The importance of having power in your home cannot be underestimated. Home generators were recently considered to be the next must-have appliance for any home and it is easy to see why. Whole-home generators are becoming a must-have appliance this year, with demand at an all-time high. But it is not just about the demand, it is about changing with the times. The fragility of the old electrical grids are having a direct impact on the power to our homes. As a result, homeowners are starting to take control of their own electrical power. We have to remember that if there is a power outage, life pretty much stops. But this is where a generator will power into life, ensuring that we do not go without. A generator is going to protect your home and your utilities from unexpected hazards. In a matter of seconds, power kicks in, and life carries on. But when it comes to choosing a generator, it is not a one-size-fits-all approach.
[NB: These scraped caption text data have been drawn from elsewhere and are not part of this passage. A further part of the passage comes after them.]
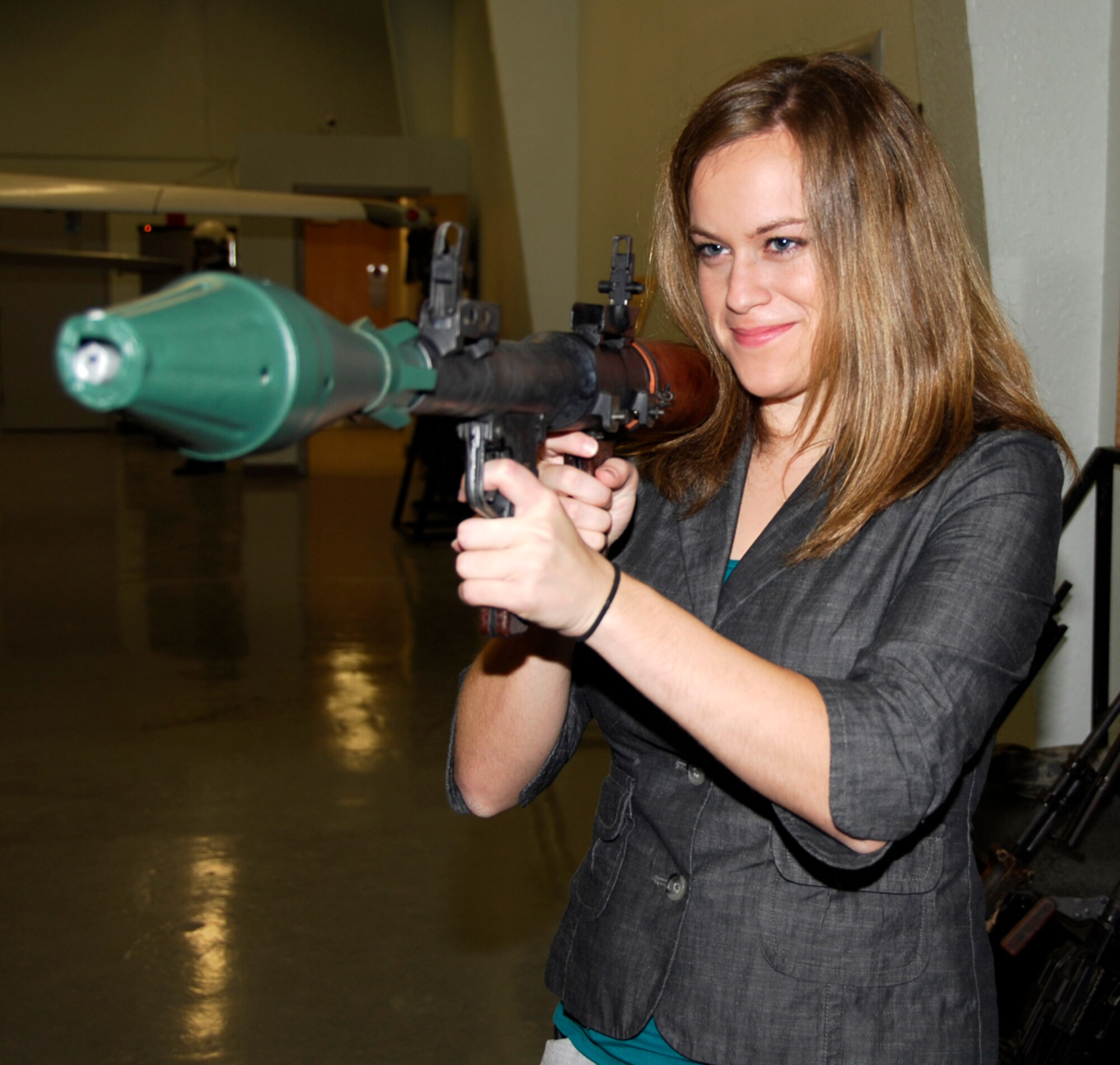 Kelsie Moger, KFTA Fox 24 reporter, handles a nonfunctioning Russian anti-aircraft weapon during a guided tour of the 547th Intelligence Squadron's Threat Systems Area, informally dubbed "The Petting Zoo," at Nellis Air Force Base, Nev., Oct. 15 during a civic tour to the base. The primary objective was to observe the 188th's deployment preparations for the unit's upcoming Aerospace Expeditionary Force (AEF) rotation in Afghanistan in spring 2010. (U.S. Air Force photo by Senior Master Sgt. Dennis Brambl/188th Fighter Wing Public Affairs) 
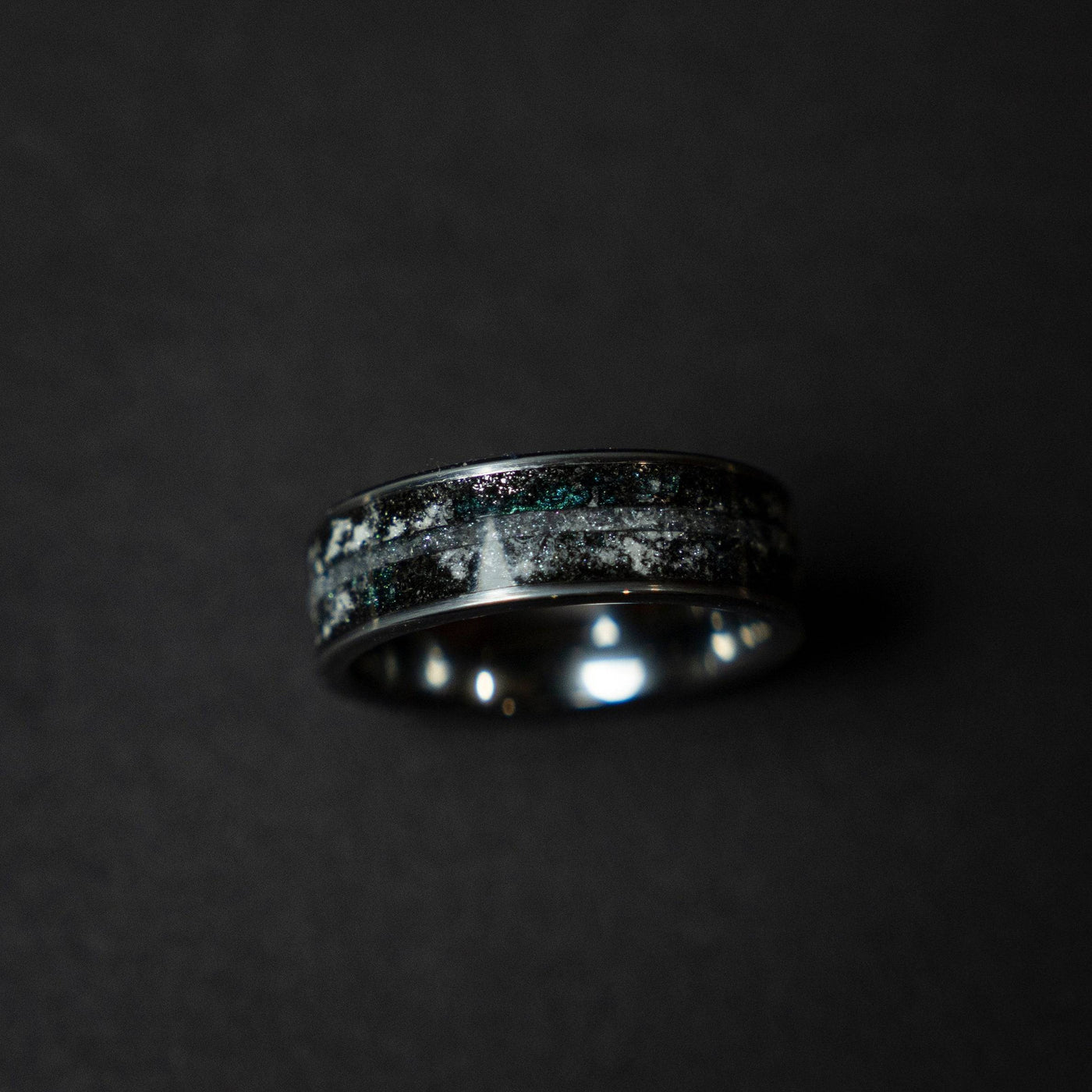 Tungsten ring with a line of Herkimer diamond, meteorite and glow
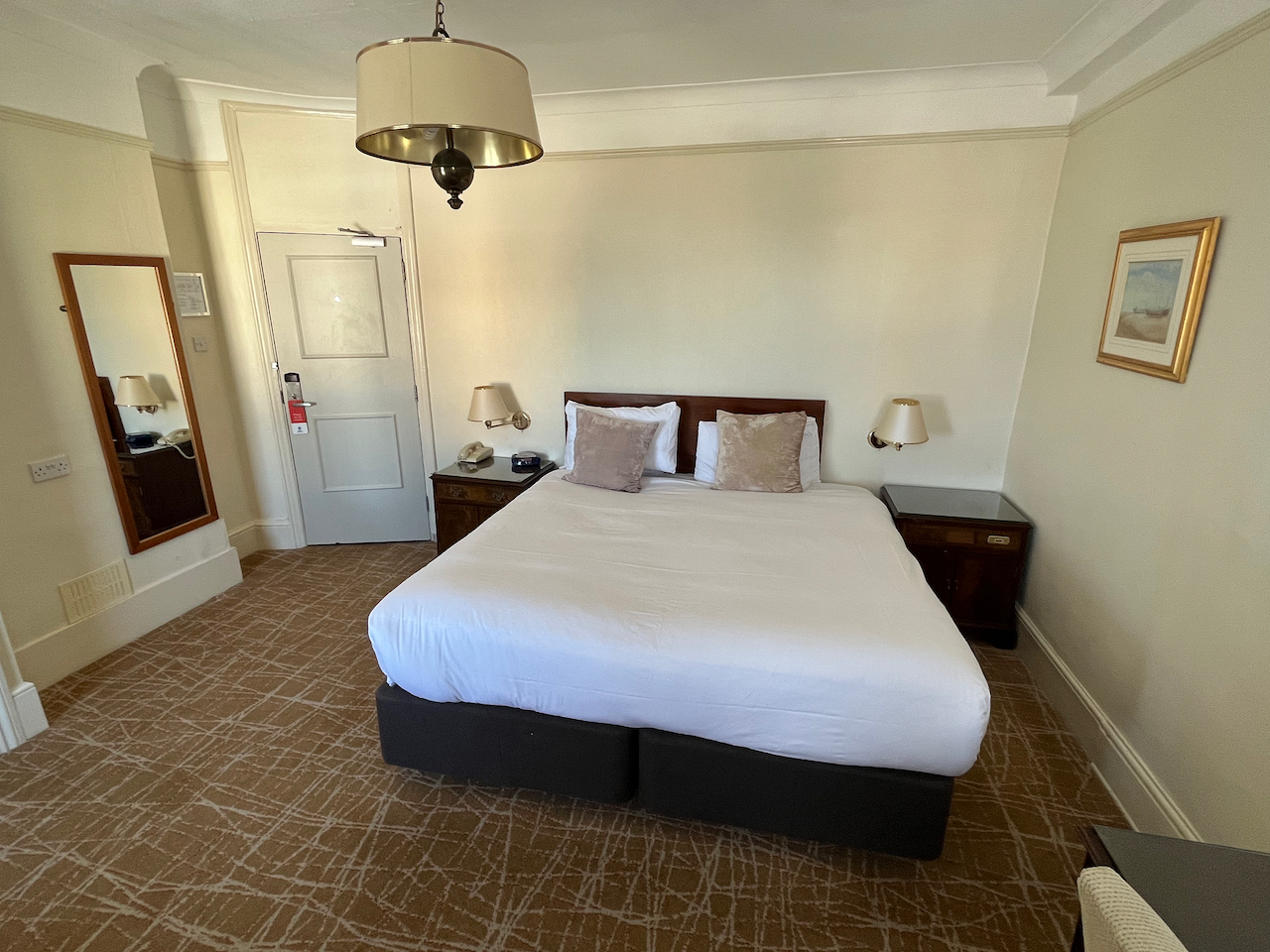 My bedroom in the Best Western Clifton hotel. The  double bed has dull coloured square cushions in front of the white pillows. Small wooden bedside cabinets sit on each side of the bed. A full-length mirror is on a wall to the left near the door.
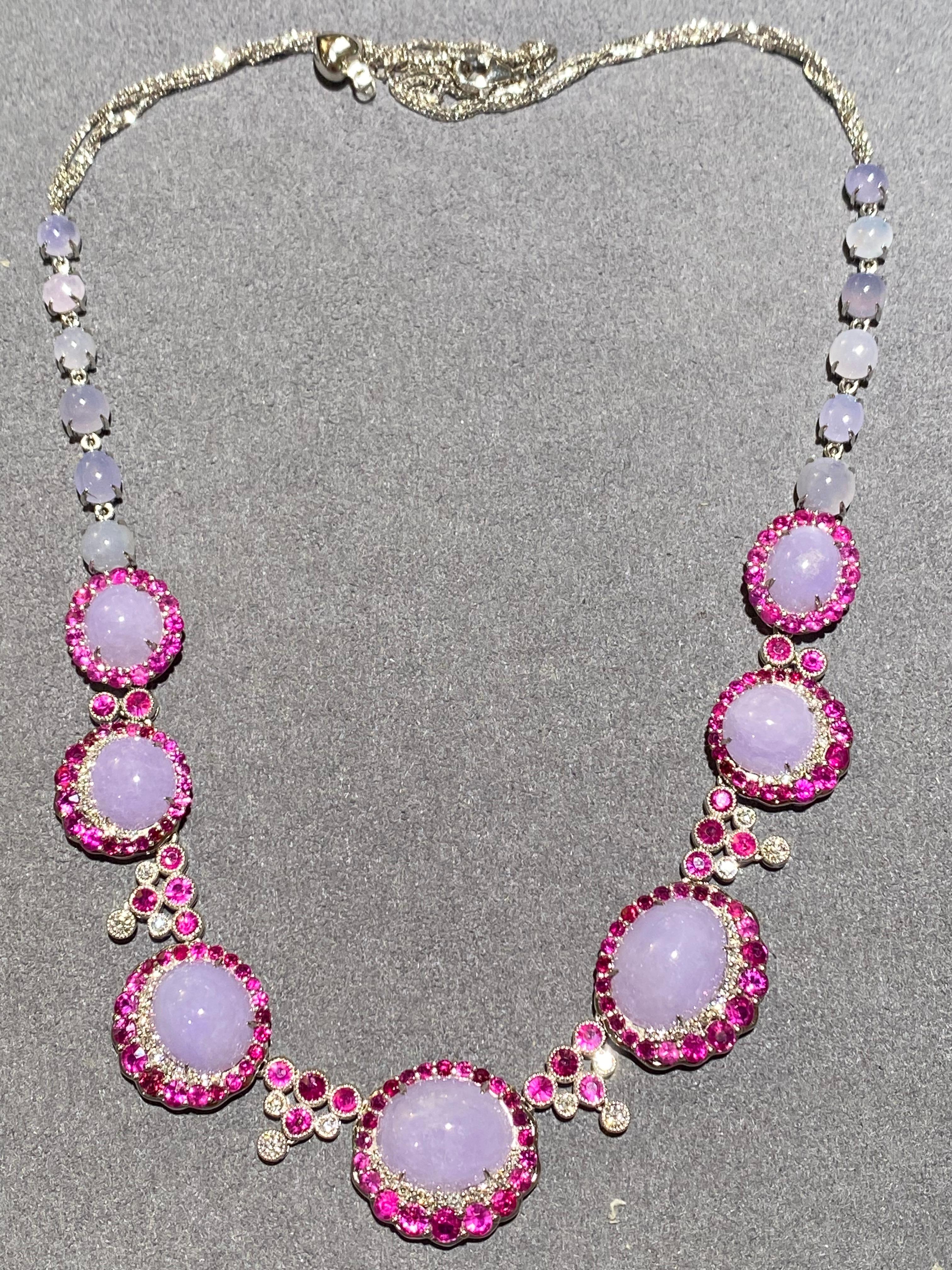An outstanding type A lavender jadeite. ruby and diamond necklace in 18k white gold. The necklace is consists of multiple jadeite cabochons surrounded by diamonds and ruby clusters. The jadeite cluster is then separated from each other by triangle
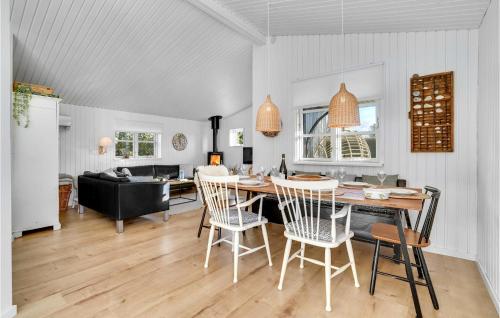 a dining room and living room with a table and chairs at A Stunning Home In Otterup With 3 Bedrooms And Wifi in Otterup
Choosing the right generator is about picking the right size. And to answer this question, we have to go through a few steps.
Understanding How Much Power You Really Need
Picking the right generator for your home is crucial, and choosing the right size depends on how much power you need for the property. If you choose a unit too small, it may not be able to handle the appliances you use on a daily basis. If you blast the air conditioner all day, every day, or use pumps to keep your basement free from dampness, a small unit will not provide enough power. On the other hand, if you choose a generator too large, this isn’t just inefficient for your needs, but it wastes fuel, which will cost you more in the long-run.
It is important to remember that when we are choosing a generator, we get an idea of how much energy our appliances use. Understanding our energy usage is crucial, but first, we need to school you on the subject of Watts and Kilowatts. Generators are rated in Watts (W) or Kilowatts (kW). But appliances are usually rated in Amps, Amperes, Volt-amperes, as well as Watts and Kilowatts. These are, simply, different units used to calculate the total power consumed or produced by electric equipment.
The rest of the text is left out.